Пушкин зовет прочь из битвы; Гоголь — в битву. Это и есть, конечно, битва с вечным злом на вечное благо, последняя битва человека с чертом. Этот «браннолюбивый дух» в Гоголе — нечто столь же первозданное, истинное, как мирный дух в Пушкине; тут нет у Гоголя никакой измены самому себе, никакого отречения: он столь верен природе своей, как и Пушкин.
«Во сне и наяву мне грезится Петербург и служба государству», — пишет матери из Нежина восемнадцатилетний Гоголь. «Мысль о службе у меня никогда не пропадала, — говорит он в конце жизни. — Я не совращался со своего пути… Предмет у меня был всегда один и тот же: предмет у меня был жизнь, а не что другое». «Жизнь я преследовал в ее действительности, а не в мечтах воображения». «Ум мой был всегда наклонен к существенности и пользе». «Я чувствовал всегда, что буду участник сильный и в деле общего добра и что без меня не обойдется»… «Мне захотелось служить земле своей… Я примирился и с писательством своим только тогда, когда почувствовал, что на этом поприще могу так же служить земле своей». «Мне всегда казалось, что в жизни моей мне предстоит большое самопожертвование. — В России теперь на всяком шагу можно сделаться богатырем. Всякое звание и место требует богатырства». Но прежде, чем вступить, подобно древним русским богатырям, в битву со «страшилищами», Гоголь должен был победить самое страшное из них, жившее в нем самом. «Я люблю добро, я ищу его и сгораю им; но я не люблю моих мерзостей… Я воюю с ними и буду воевать, и изгоню их, и в этом мне поможет Бог».

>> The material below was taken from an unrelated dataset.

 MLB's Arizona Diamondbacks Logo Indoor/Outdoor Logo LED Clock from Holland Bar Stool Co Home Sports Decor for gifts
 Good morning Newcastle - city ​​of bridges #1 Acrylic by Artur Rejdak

И здесь, в этой «войне» с самим собой так же, как везде, оставаясь верным своей природе, своей самой внутренней сущности, Гоголь не мог не перейти от «воображения» к «действительности», от слова к делу: «Дело мое — душа и прочное дело жизни». Он покидает искусство для искуса; кончается пушкинская «молитва», жертвоприношение — начинается «битва», самопожертвование Гоголя; исчезает поэт, выступает пророк.
И вместе с тем тут начинается трагедия Гоголя — incipit tragoedia — борьба с вечным злом — пошлостью, — уже не в творческом созерцании, а в религиозном действии, великая борьба человека с чертом.
Часть вторая
ЖИЗНЬ И РЕЛИГИЯ
Из двух начал явился Пушкин, — говорит Гоголь. Одно из них определяет он, как «отрешение от земли и существенности», стремление в «область бестелесных видений», т. е. как начало духовности, вернее, бесплотности, — христианское или кажущееся, в противоположность язычеству, «христианским». Другое — «прикрепление к земле и к телу», к «осязаемой существенности» — начало плотское, языческое или опять-таки кажущееся доныне, в противоположность христианству, «языческим».
Предвидел ли Гоголь, что, определяя Пушкина, он и самого себя определял, что и он явился из этих же самых «двух начал»?
«Никогда не чувствовал себя погруженным в такое спокойное блаженство. О, Рим, Рим! О, Италия! Что за небо!.. Что за воздух!.. Пью — не напьюсь, гляжу — не нагляжусь… Никогда я не был так весел, так доволен жизнью».
Друзья Гоголя рассказывают, как на вилле Волконской, упиравшейся стеной в старый римский акведук, который служил ей террасой, «он ложился спиной на аркаду и по полусуткам смотрел в голубое небо, на мертвую и великолепную римскую Кампанью, оставаясь недвижимым целые часы, с воспаленными щеками». — «Италия! Она моя!.. Россия, Петербург, снега, подлецы, департамент, кафедра, театр — все это мне снилось. Я проснулся опять на родине». Одно из писем помечает он, вместо христианского летосчисления, древнеримским: «год 2588 от основания Города», как будто на одно мгновение пожелал забыть, что Христос родился, как будто 1835 лет христианства, вместе с «Россией, Петербургом, снегами, департаментом», только снились ему.